The term hyphenate became an increasingly popular insult to describe just about anybody
who felt strongly about his ethnic identity. Ethnic tensions in America increased in
August 1914 when fighting broke out in Europe. President Woodrow Wilson initially set the
nation on a course of neutrality, urging that Americans be "impartial in thought as
well as in action ... neutral in fact as well as in name." But before the war was one
month old, reports of German atrocities in Belgium (especially the burning of Louvain,
with its ancient library) shocked many Americans and emboldened the American caricature of
the goose-stepping, brutal Hun. Life magazine published a cartoon in late July 1915 that
fueled this stereotype: a German officer with pointed helmet struts across the page;
suspended from his bloody bayonet are an old man, a woman, and two small children. German
submarines prowled the Atlantic, and by the time one sank the British passenger ship
Lusitania in May 1915, killing 1,200 persons (including 124 American citizens), Wilson was
hard put to recommend neutrality in thought or deed.

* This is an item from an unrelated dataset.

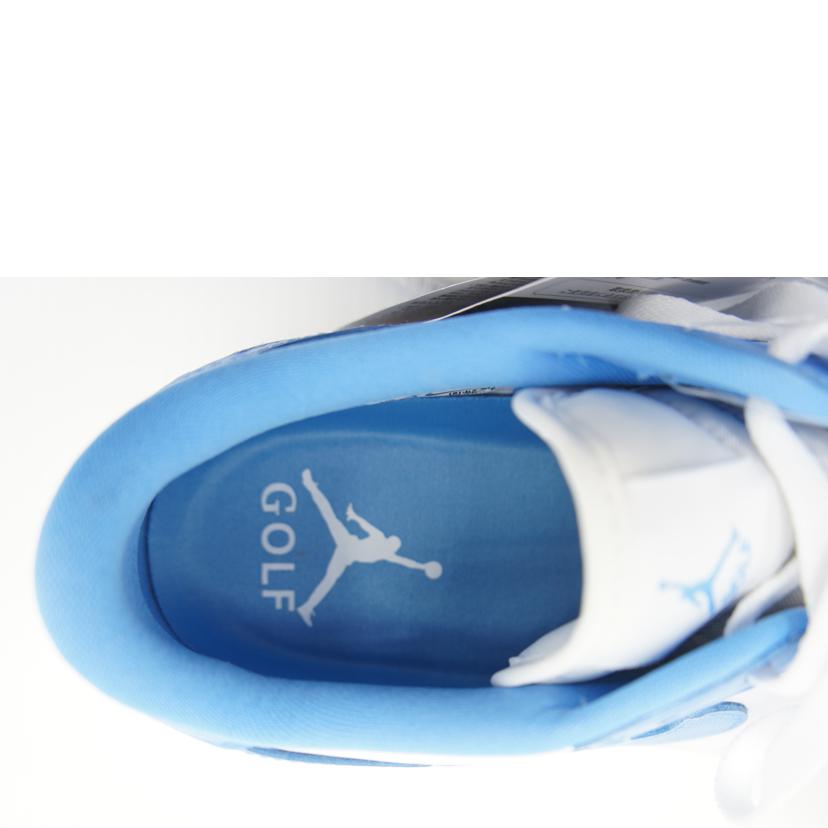 NIKE ナイキ/エアジョーダン1ロー/ゴルフUNCシューズ/DD1395-100//サイズ:28cm/Aランク/75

The vocal leadership of the German-American community inadvertently worsened tensions.
The depredations of Belgium, they believed, had been exaggerated by Germany's enemies,
especially Great Britain, in a deliberate attempt to draw the United States into the
war-an attempt made all the easier by the two nations' common language and Wilson's noted
allegiance to English culture. The publisher of the German-language Omaha Tribüne, Val
Peter, reflected this mentality in a
1915 address to the Nebraska branch of the German-American National Alliance:
Both here and abroad, the enemy is the same! perfidious Albion [England]! Over there
England has pressed the sword into the hands of almost all the peoples of Europe against
Germany. In this country it has a servile press at its command, which uses every foul
means to slander everything German and to poison the public mind.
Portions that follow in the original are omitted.